Partijen zetten zich in om het arbeidsmarkttekort tot en met 2028 met 100.000 personen te verlagen. En om de toegang tot de zorg gelijkwaardiger te maken. Daarnaast is er in het rapport aandacht voor het verlagen van de regeldruk en voor een betere inzet van personeel en technologie.
Regeldruk verlagen en technologische innovatie
Zorgverleners besteden veel tijd aan administratie. Het doel is om de administratietijd terug te brengen tot maximaal 20% van de werktijd. Het gebruik van AI wordt hierbij als hulpmiddel gezien. Daarnaast gaat er extra geld naar projecten die regels en papierwerk verminderen. Ook moet er extra geld naar het scholen van medewerkers gaan, vooral in sectoren met de grootste personeelstekorten. Het gaat dan om opleiden en bijscholen, zodat zorgmedewerkers zich kunnen blijven ontwikkelen.
Steeds meer zorg is digitaal. Dit wordt verder ontwikkeld, bijvoorbeeld door de website Thuisarts.nl te verbeteren en uit te breiden. En door meer online zorg te bieden. Lichte geestelijke gezondheidszorg kan bijvoorbeeld mogelijk digitaal worden geboden. Daardoor kunnen mensen met zwaardere zorgvragen sneller bij een hulpverlener terecht.
Betere samenwerking
De samenwerking tussen zorgorganisaties moet verbeteren. Vanaf 2026 worden afspraken in regionale plannen opgenomen. Ook verzekeraars zijn hierbij betrokken. Zij investeren extra in regio’s waar mensen nu vaak geen huisarts kunnen vinden, in aansluiting op het streven dat iedereen in 2028 een vaste huisarts moet kunnen hebben.

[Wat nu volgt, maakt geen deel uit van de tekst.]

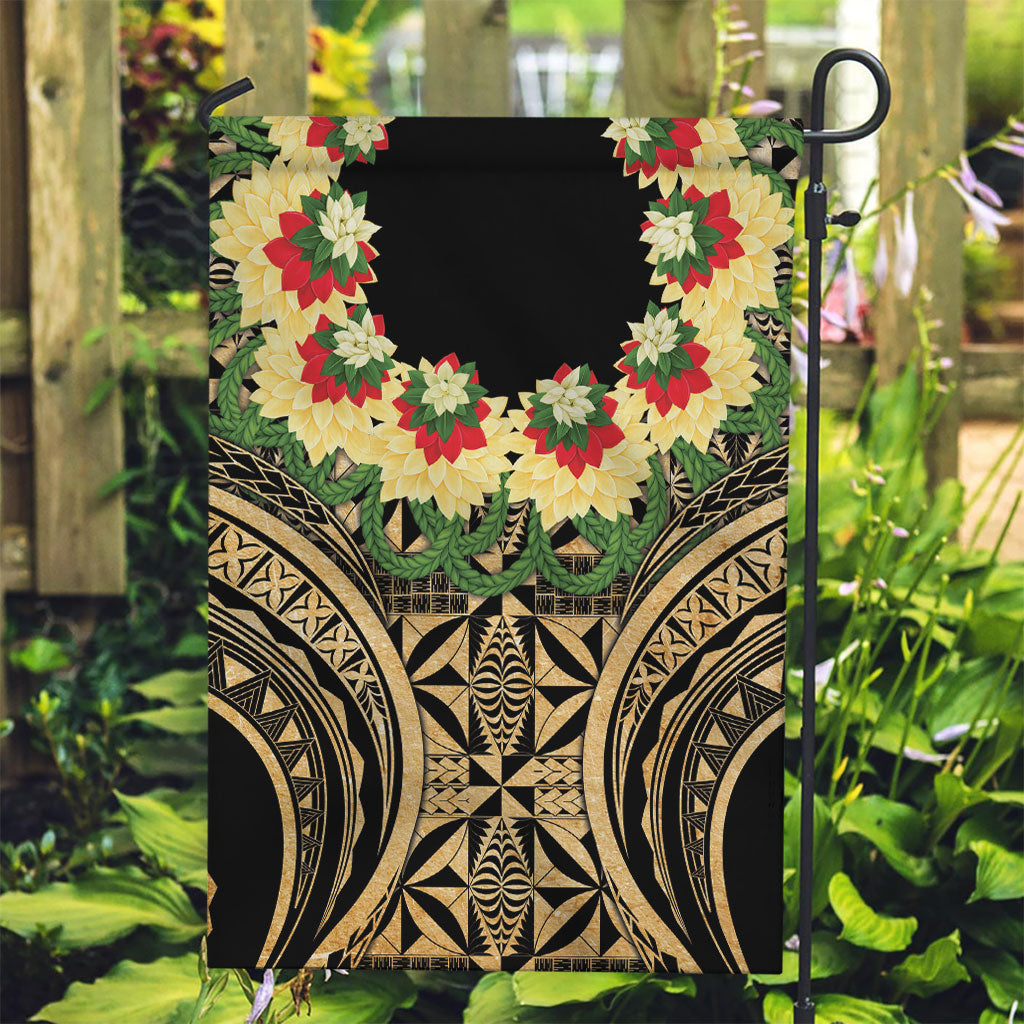 Grunge Gold Tonga Ngatu Kahoa Lei Garden Flag LT14 Garden Flag Gold - Polynesian Pride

Samenwerking is niet alleen belangrijk voor organisaties binnen een sector. Ook tussen de zorg en het sociaal domein moet er meer worden samengewerkt, vooral in de wijk en de regio. Zorgverleners, gemeenten en verzekeraars gaan hier afspraken over maken. Het gaat dan bijvoorbeeld om kansrijk opgroeien, gezonde levensstijl, vitaal ouder worden en een gezonde schoolomgeving.
Goede basis voor gemeenten
De VNG stelt dat het AZWA een goede basis biedt voor gemeenten om verder te werken aan de beweging naar preventie en gezondheid. ‘Voor gemeenten betekent dit voor de komende jaren continuïteit in de financiering en daarmee voortzetting en geleidelijke uitbreiding van de ingezette koers: een gezamenlijke aanpak met zorgpartijen in regionale verbanden en plannen, en concrete samenwerking met de eerstelijnszorg en de GGZ in wijken en buurten.’
Loonkloof genegeerd
De ondertekenende partijen zijn enthousiast over het akkoord. Maar er is ook kritiek te horen. Zo stelt NU’91, de beroepsorganisatie van zorgprofessionals, dat het AZWA vooral een technocratisch antwoord biedt op een veel dieper probleem. ‘Het akkoord blijft ver verwijderd van structurele investeringen in salarisherstel of het inhalen van achterstanden. Terwijl de loonkloof ten opzichte van andere sectoren al jarenlang groot is, wordt deze in het AZWA opnieuw genegeerd. Dat is onbegrijpelijk en onacceptabel. Echte waardering begint bij structurele financiële erkenning van het vak’, zegt Femke Merel, voorzitter van NU’91.
Ook beroepsvereniging V&N (Verpleegkundigen en Verzorgenden Nederland), die op 8 september heeft ingestemd met het akkoord, wijst op de loonkloof. ‘Zorgprofessionals verdienen gemiddeld 6 tot 9 procent minder dan werknemers in andere sectoren. Uit de peiling blijkt dat meer dan 90 procent van de leden het (zeer) belangrijk vindt dat dit verschil wordt opgelost.’
Aandacht voor veiligheid op de werkvloer nodig
Daarnaast ontbreekt het aan investeringen in zeggenschap en erkenning van mentale belasting en veiligheid, stelt Femke Merel van NU’91. ‘In het AZWA blijft het opvallend stil over de mentale belasting, agressie op de werkvloer en de noodzaak van een veilige werkomgeving. In plaats daarvan wordt ingezet op monitoring, pilots en technologie. Investeer nu in deze beroepsgroep. Iedere zorgprofessional die het vak verlaat, is er een teveel.’